## YOUR ASSIGNMENT:
Print the listing below a second time, exactly, and omit its images.

## DATASET CONTENT:
■ ■ ■

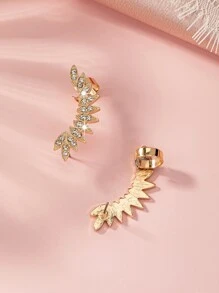 Pendientes europeo y americano estilo diosa diamante de imitación brillante con fleco en forma de diamante completo popular atmósfera fiesta - Amarillo Oro - Ver 4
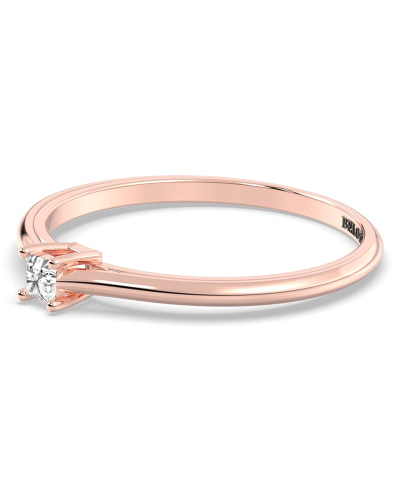 Bague solitaire en or rose avec diamant princesse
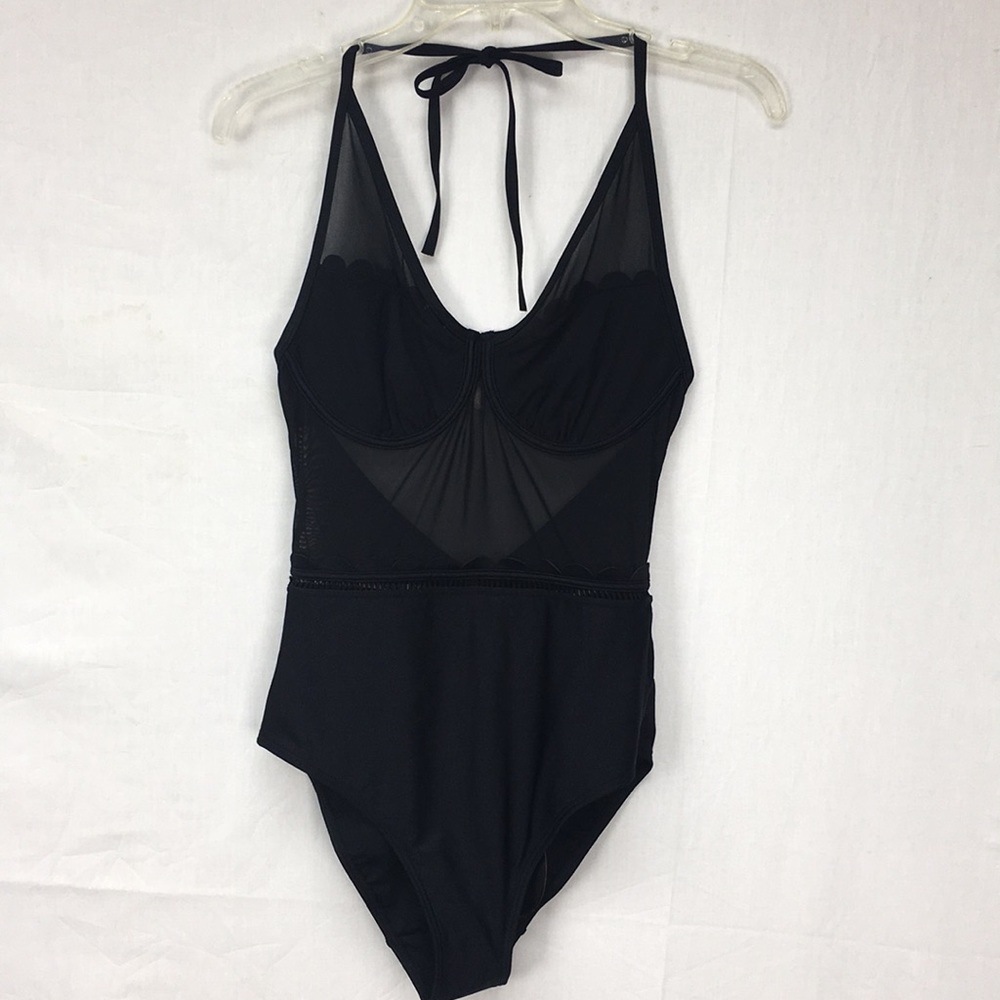 Ted Baker Black Kesia Scallop Mesh Swimsuit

■ ■ ■

## WORKED SOLUTION:
 Pendientes europeo y americano estilo diosa diamante de imitación brillante con fleco en forma de diamante completo popular atmósfera fiesta - Amarillo Oro - Ver 4
 Bague solitaire en or rose avec diamant princesse
 Ted Baker Black Kesia Scallop Mesh Swimsuit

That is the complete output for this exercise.